Since the government is responsible for regulating the laws and upholding the security of a state, it is just right to engage them in the aspect of social responsibility. The government is considered an external stakeholder that indirectly affects the CSR practices of a corporation.
Role of Government in Promoting CSR
The government plays a very important role in promoting corporate social responsibility for various reasons. For one, this sector can encourage the business sector to advocate an ethical, social, and environmentally-conscious business transaction with their stakeholders. This is because they primarily enforce compliance with the legislative and regulatory structure of the business sector. For example, the government must enforce compliance in matters of sustainable development for natural resources. Another reason is they maintain the observance of smooth and peaceful business operations in the community through programs that demonstrate social responsibility and responsible investment.
With the enactment of these state laws and regulations, the interests of the consumers are safeguarded and the environment is protected from unethical practices by certain abusive companies. The laws governing a state or a nation differ from one state to another. Wherever a corporation establishes business and operates, the firm adheres to the imposed laws of that particular region. These regulations can be as broad as human rights protection, clean environmental acts, and responsible investment.
Responsibility towards the Government and its Advantages to Corporations
The best way for corporations to show social responsibility to the government is to provide strict compliance to the regulations which is, in fact, the primary expectation of the government from companies. When it comes to laws, nothing much can be done but to offer cooperation with the law enforcers. Next, the state or local authorities require companies to manifest improved competitiveness after adhering to the business regulations.
All business sectors can benefit from the regulations imposed by the government in one way or another. Business transactions run smoothly where clear rules and laws are defined. The business environment prospers where companies find it convenient to operate their business and avoid possible abuses to the consumers and other stakeholders.
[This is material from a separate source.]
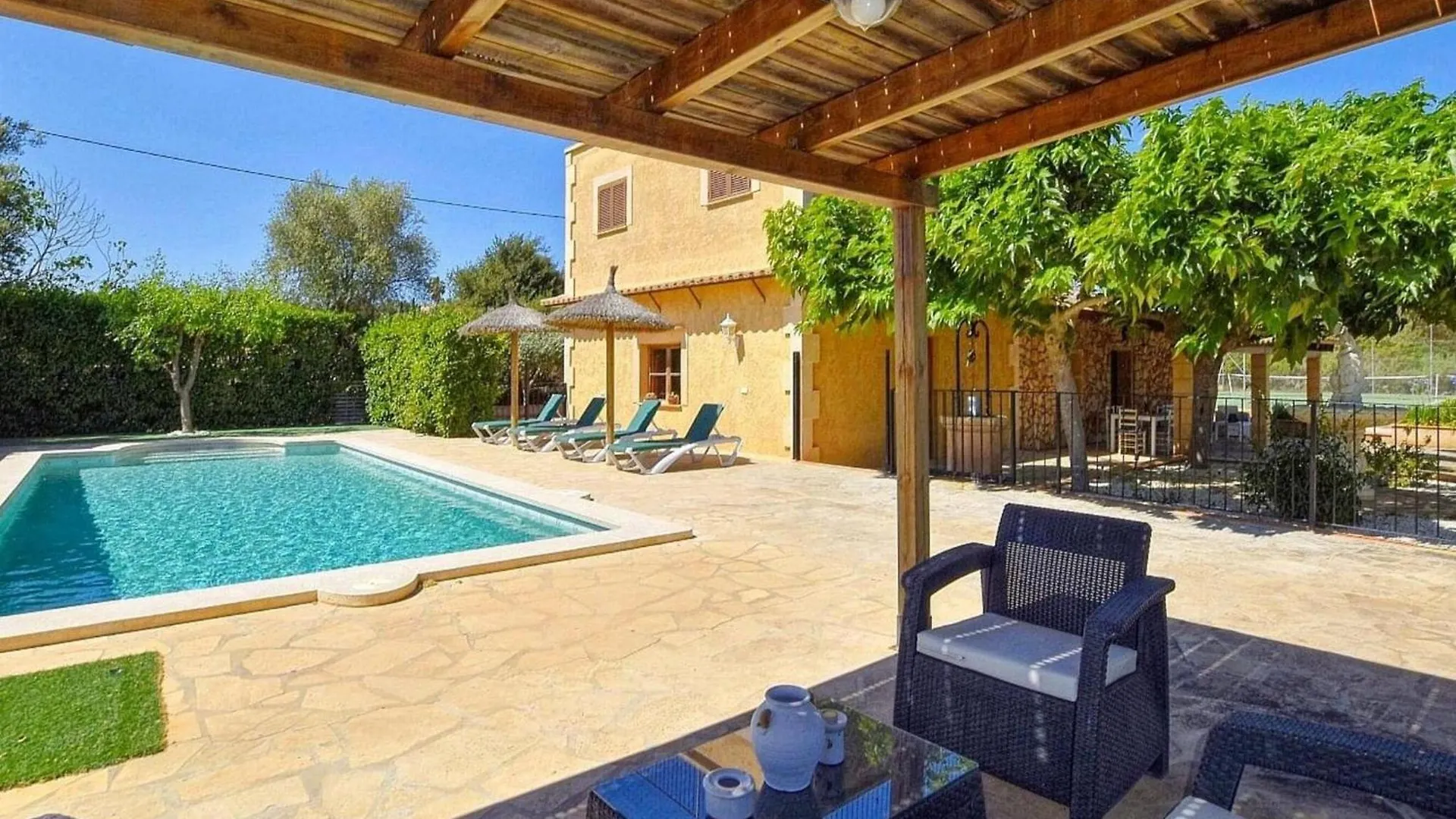 Holiday Home In Manacor With Private Pool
One advantage of these government policies is that business operations will make it a point to run business that will not harm or risk the society and the environment. Corporations will keep a good relationship with the community at large and vice versa. So when a firm violates the laws, they will be sanctioned accordingly to help them iron out any shortcomings in their dealings with the consumers and the community.
Another advantage is that companies are recognized for complying with the rules by providing incentives and grants to those who are compliant enough. For example, when a company has certain requests in terms of their operations and business activities, they may have greater chances of being permitted to conduct them.
Lastly, the government provides protection to the interests of the stakeholders and the investors. Stakeholders are guarded from unfair business practices while shareholders are principled by corporate governance.
The government laws and policies are designed to assist both the consumers and the companies in carrying out their roles with efficiency. So when companies comply with these policies, the government finds it easier to regulate and uphold security and protection to everyone involved.
Corporate governance pertains to a set of policies, processes, laws, and customs that affect the administration and control of a certain company. This concept embraces the interaction of various stakeholders involved as well as the corporate objectives of a firm. There are many agencies regulating corporate governance and the government is considered one of the external controls exercising this practice over corporations. Corporate governance aims to ensure accountability of certain individuals in a company. For example, the shareholder or investor’s welfare is well-protected with corporate governance.
Good corporate governance manifests values of honesty and truthfulness, trust and integrity, responsibility and accountability, mutual respect, performance orientation, and commitment to the corporation.